• How to complete this task
Give the records back exactly as written, but without the images.

• Data under study
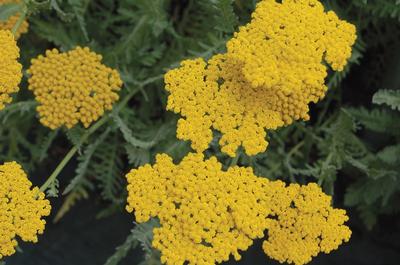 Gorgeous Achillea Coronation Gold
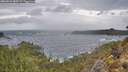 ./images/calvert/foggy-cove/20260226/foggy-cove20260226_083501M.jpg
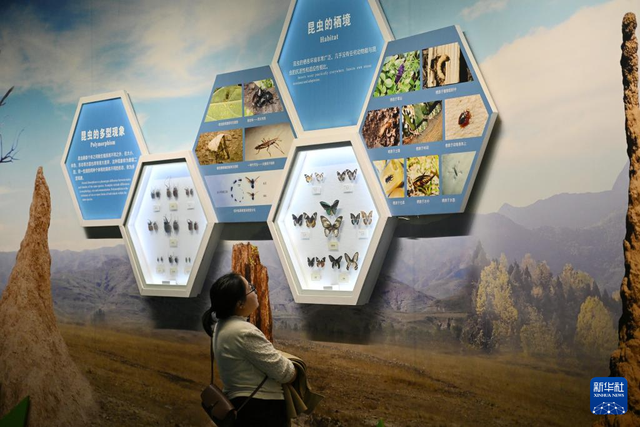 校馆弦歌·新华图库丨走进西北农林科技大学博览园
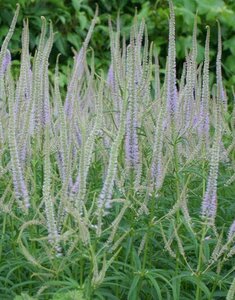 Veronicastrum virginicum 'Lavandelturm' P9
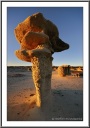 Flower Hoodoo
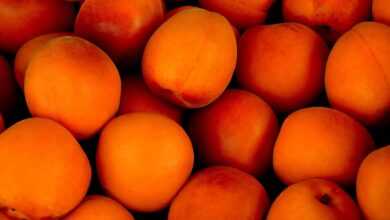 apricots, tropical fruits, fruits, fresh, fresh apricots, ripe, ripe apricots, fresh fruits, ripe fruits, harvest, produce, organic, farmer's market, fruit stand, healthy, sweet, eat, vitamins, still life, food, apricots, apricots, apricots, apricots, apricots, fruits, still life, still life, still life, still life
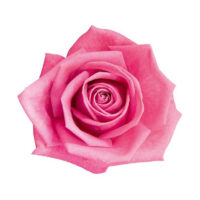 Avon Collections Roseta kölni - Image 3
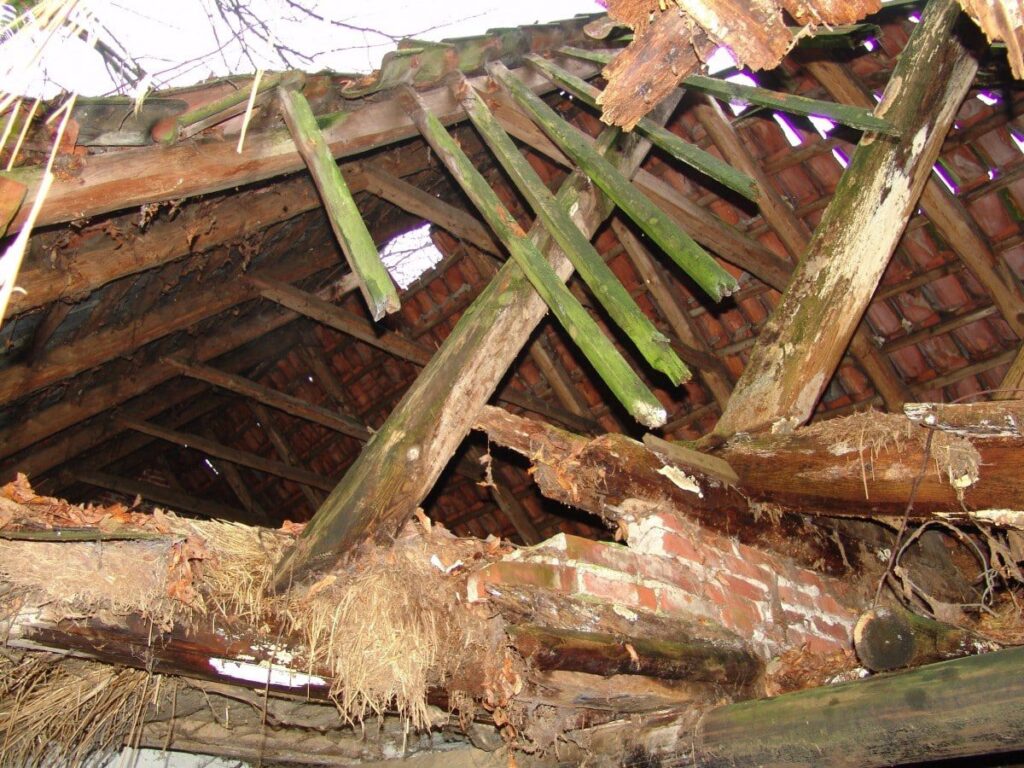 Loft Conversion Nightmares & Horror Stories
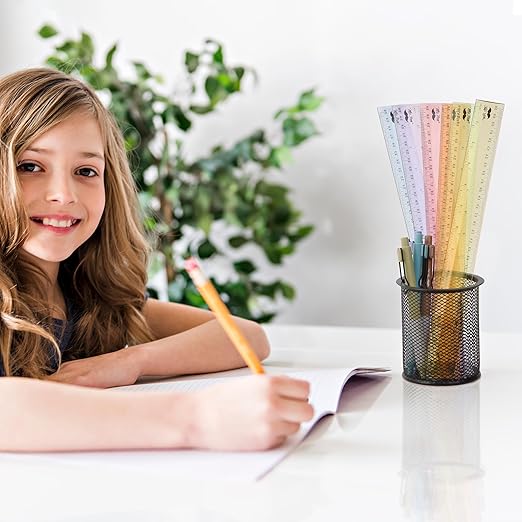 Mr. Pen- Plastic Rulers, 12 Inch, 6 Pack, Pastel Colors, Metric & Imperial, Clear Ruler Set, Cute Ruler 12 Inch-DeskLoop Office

• Answer to the problem
 Gorgeous Achillea Coronation Gold
 ./images/calvert/foggy-cove/20260226/foggy-cove20260226_083501M.jpg
 校馆弦歌·新华图库丨走进西北农林科技大学博览园
 Veronicastrum virginicum 'Lavandelturm' P9
 Flower Hoodoo
 apricots, tropical fruits, fruits, fresh, fresh apricots, ripe, ripe apricots, fresh fruits, ripe fruits, harvest, produce, organic, farmer's market, fruit stand, healthy, sweet, eat, vitamins, still life, food, apricots, apricots, apricots, apricots, apricots, fruits, still life, still life, still life, still life
 Avon Collections Roseta kölni - Image 3
 Loft Conversion Nightmares & Horror Stories
 Mr. Pen- Plastic Rulers, 12 Inch, 6 Pack, Pastel Colors, Metric & Imperial, Clear Ruler Set, Cute Ruler 12 Inch-DeskLoop Office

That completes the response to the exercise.